Ja, dat Lotje met haar foxterriërs Ze is er verkikkerd op, jodelt ze. Maar niet alleen met honden, ook met andere dieren heeft ze iets. Toen Nietzsche op een dag een paard omhelsde, vond men dat het eerste teken dat hij gek werd. Je kunt beter zeggen: toen werd Nietzsche normaal. Anders ben ik zelf gek. Toen ik een jaar of acht was, heb ik een wild zwijn omhelsd. Dat stond aan een paaltje vastgebonden bij het circus in mijn geboortestad Utrecht. Ik vond hem zo alleen, en zo lief, en toen heb ik hem omhelsd. Ik ben dol op wilde zwijnen.
Ja, Lotje is dol op dieren en dat siert haar. Ze sympathiseert bijgevolg ook met het Animal Liberation Front, maar meer nog met Gaia en Michel Vandenbosch, en ook dat laatste strekt haar tot eer. Het dierenwelzijn staat bij haar hoog aangeschreven, maar er zich actief voor inzetten, nee, dat past niet in haar laatje. Toen in 1997 in Nederland de varkenspest woedde, riep de schrijver J.J. Voskuil op om een einde te maken aan de intensieve varkenshouderij. Een maand later nam Koos van Zomeren de varkensactie over en riep de Stichting Varkens in Nood in het leven. Toen aan Mutsaers gevraagd werd om het 'estafettestokje' over te nemen, was het njet, omdat zij te emotioneel was, liet ze weten. Het zou ten slotte Youp van 't Hek worden die in november 1998 Koos van Zomeren opvolgde als Varkens-in-Nood-voorzitter.

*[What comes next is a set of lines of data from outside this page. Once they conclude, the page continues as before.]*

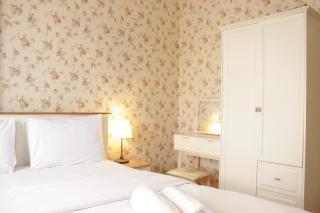 Comfy & Strategic 2BR Gateway Pasteur Apartment near Pasteur Exit Toll By Travelio - Bandung - 1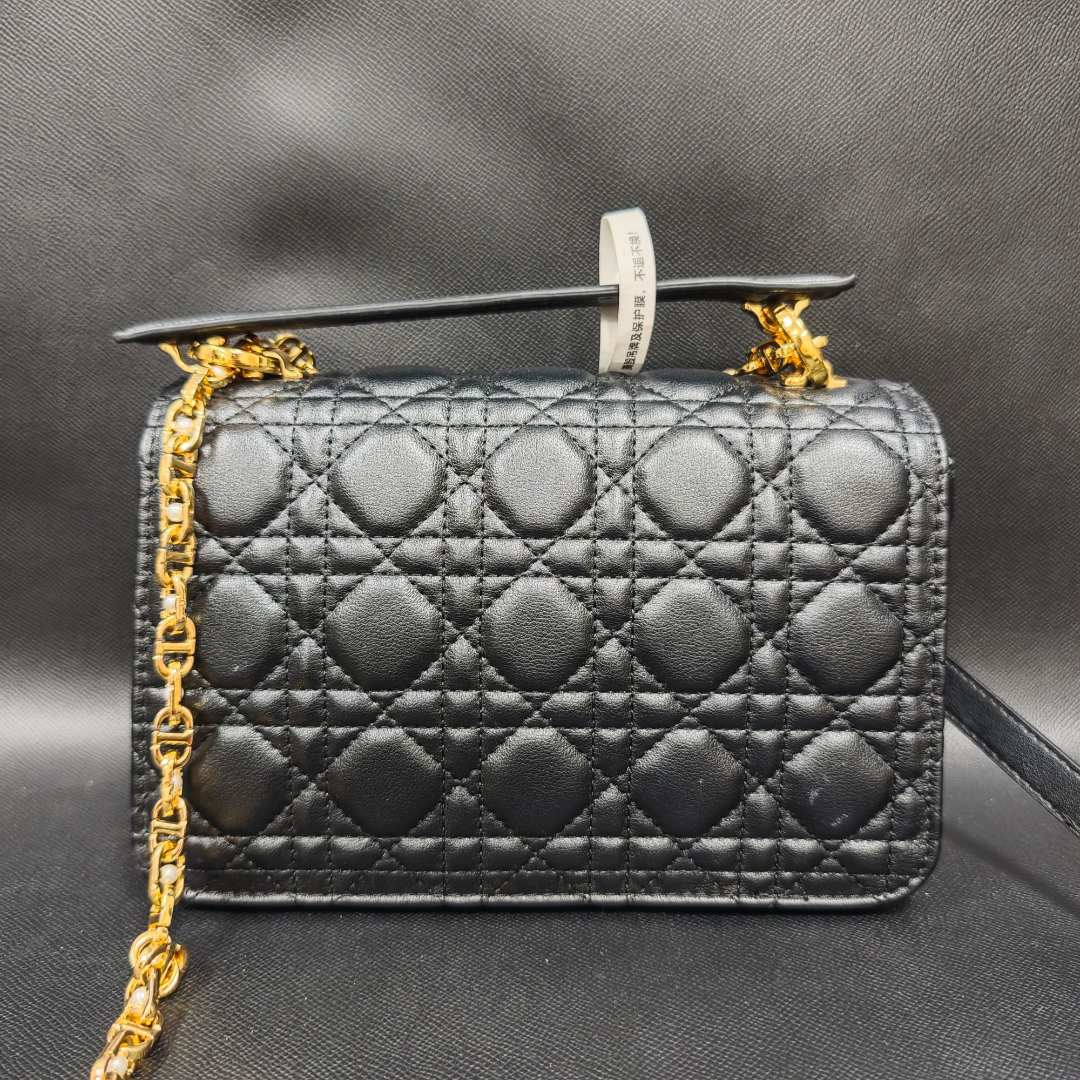 SMVP 高定奢品 时尚潮流打造真皮女士时尚包 10545 黑色蒂中号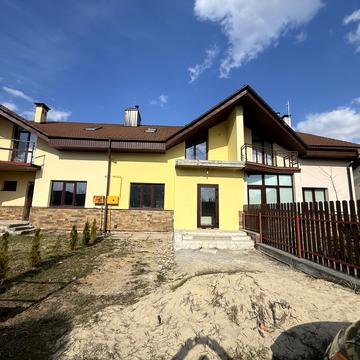 Дмитра Вишневецького вул., 40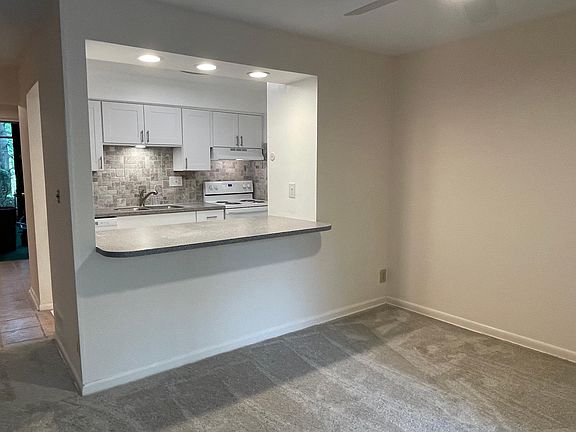 3rd image of 506 Zahn Dr #B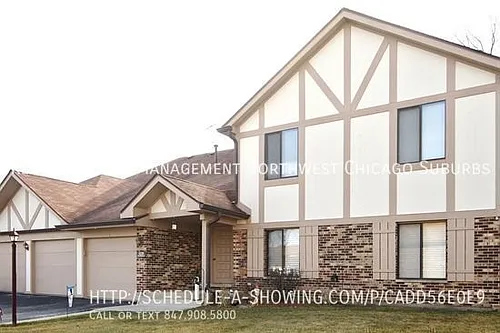 1228 Knottingham Ct #2B Photo 1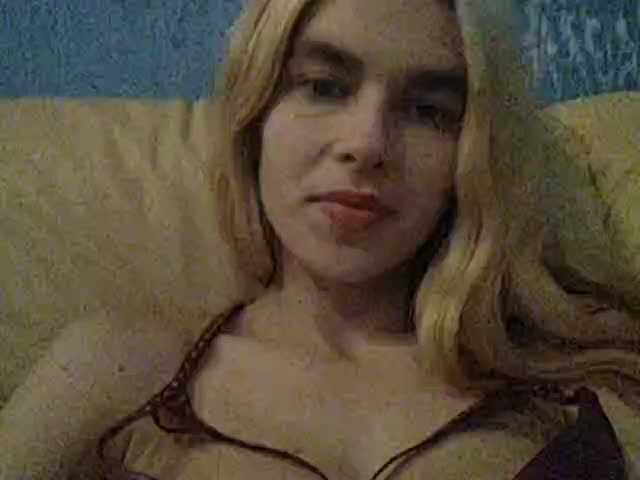 Емитовање снимка екрана KelliQCherry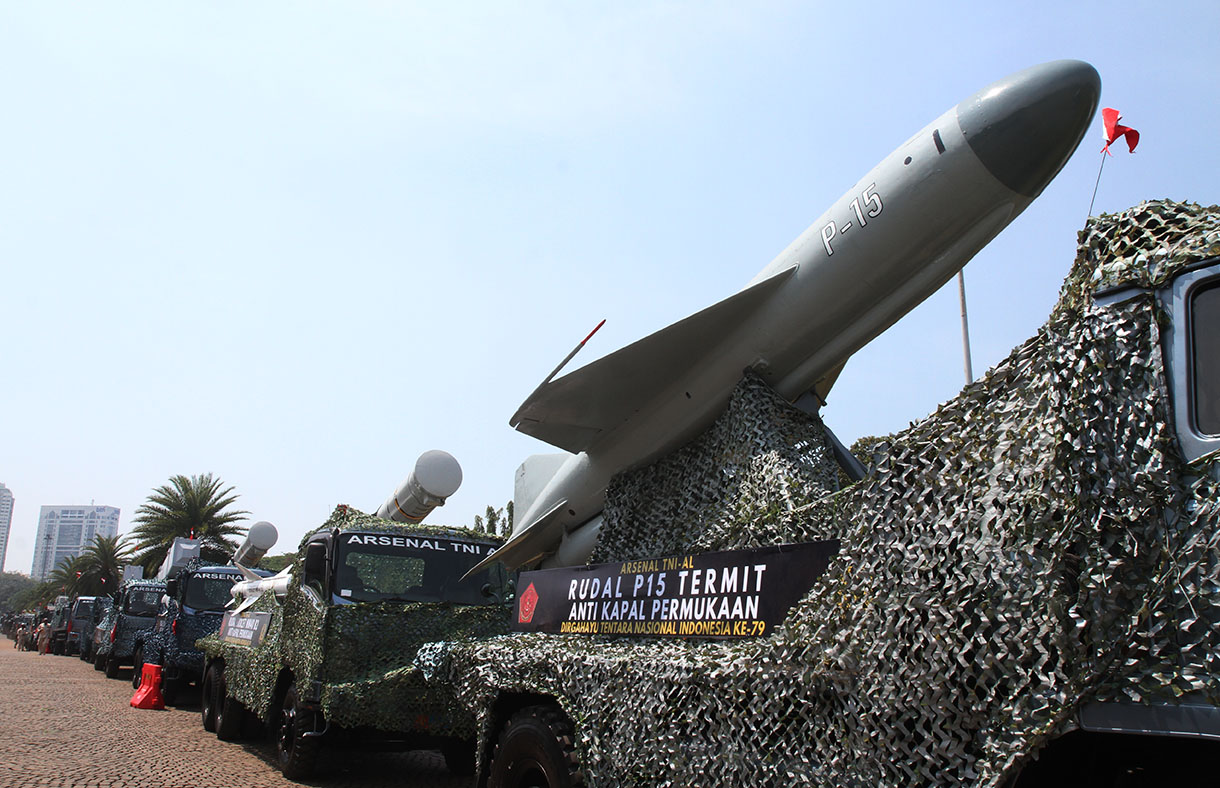 Rudal Yakhont TNI AL berada di silang Monas, Jakarta, Selasa (1/1/2024). (BeritaNasional.com/Oke Atmaja)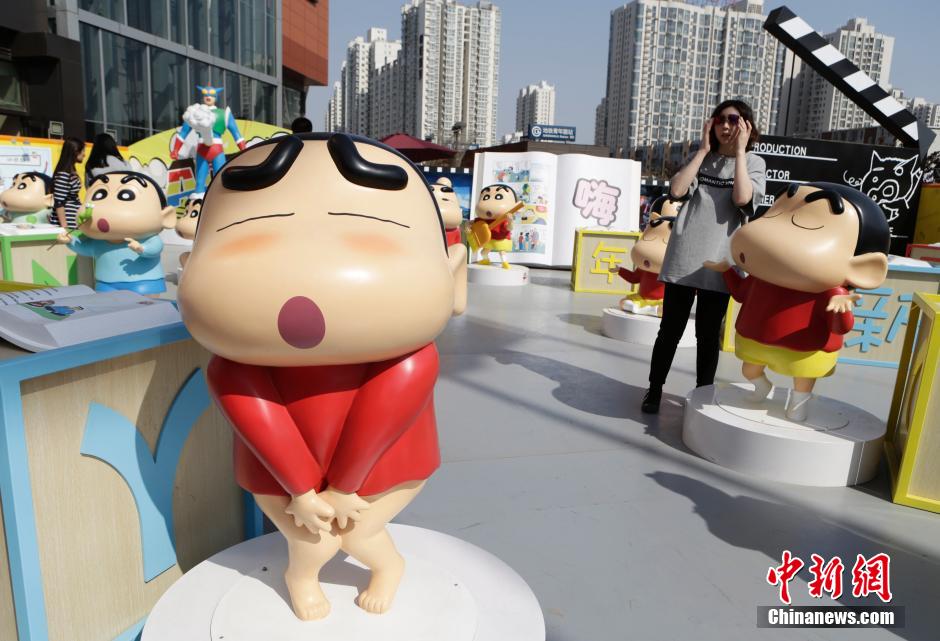 4月22日，游客參觀蠟筆小新特展?！跋灩P小新25周年紀念特展”日前在北京開展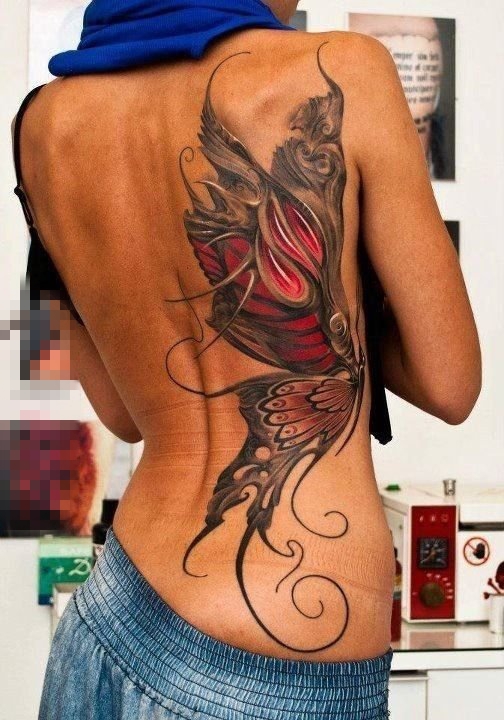 点击大图看下一张：女生背部彩绘素描创意个性霸气蝴蝶大面积纹身图片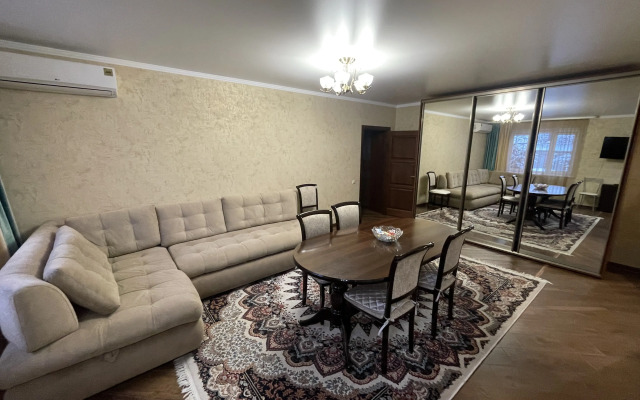 Квартира Уютная евро двушка в центре Владикавказа, на ул.Ленина 15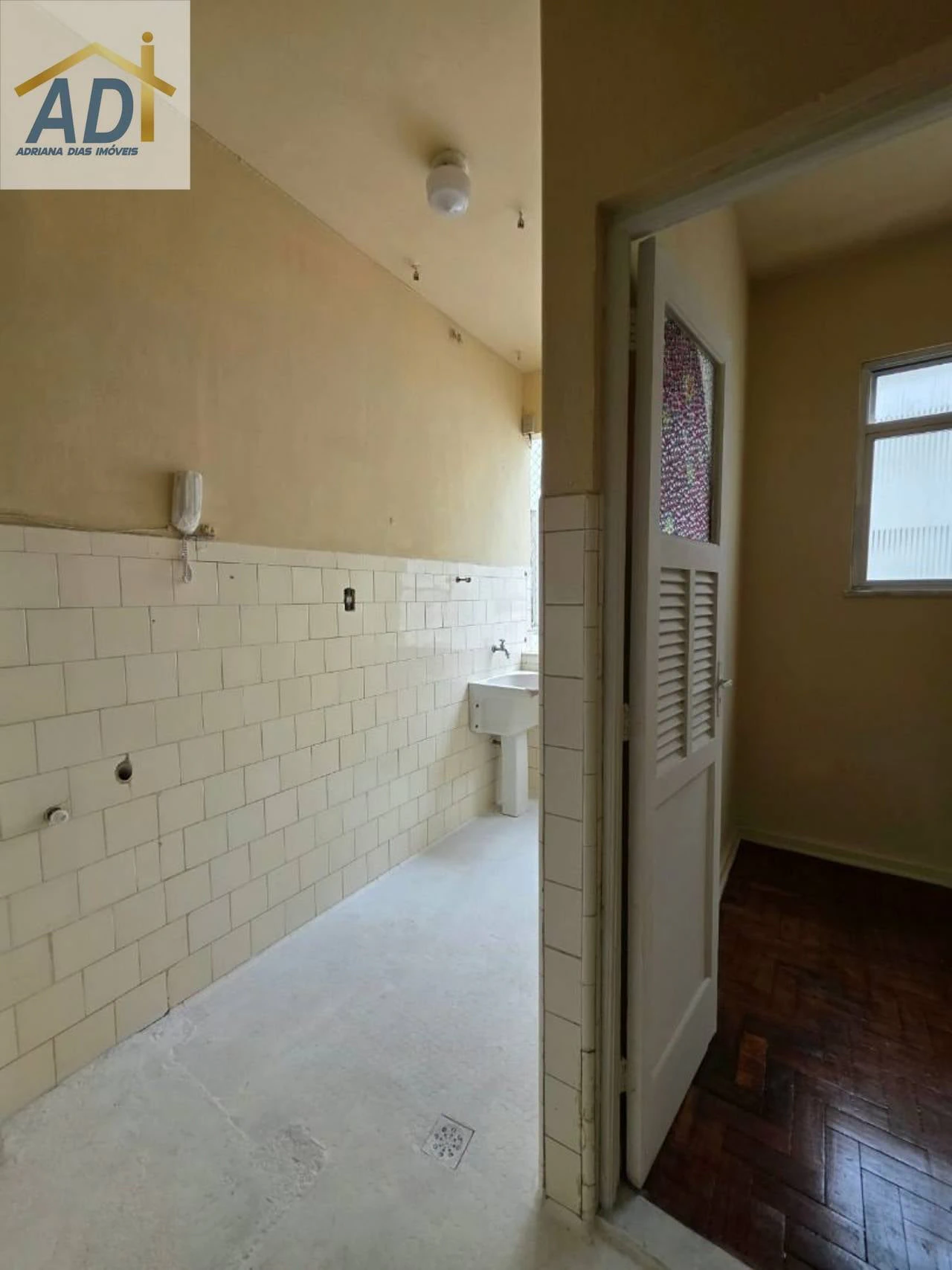 Apartamento de 2 quartos com cozinha fechada separada — photo 13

Dennen zijn geen sparren, Lotje
Ook de natuur staat bij Lotje hoog aangeschreven, jawel. Planten fascineren haar, vooral de dennen. Een dennenappel zou ooit haar leven hebben gered, mythologiseert ze. En Lotje moet je niks meer wijsmaken over dennen, neenee, ik weet nu alles af van dennenvoortplanting, dennengeboortes (er bestaan zelfs reageerbuisdennenbabys), dennenuitbuiting, dennenverdriet, dennenwouden, dennensoorten, dennenhars, dennengeur, dennenwortels, dennenkevers, dennenvoedsel, dennenziektes en dennendood, orakelt ze. En dat is nu juist hét zere teentje van haar Zeepijn. Dartel Lotje heeft het de hele tijd over dennen en verwijst regelmatig naar afbeeldingen met dennen die helaas allemaal sparren zijn.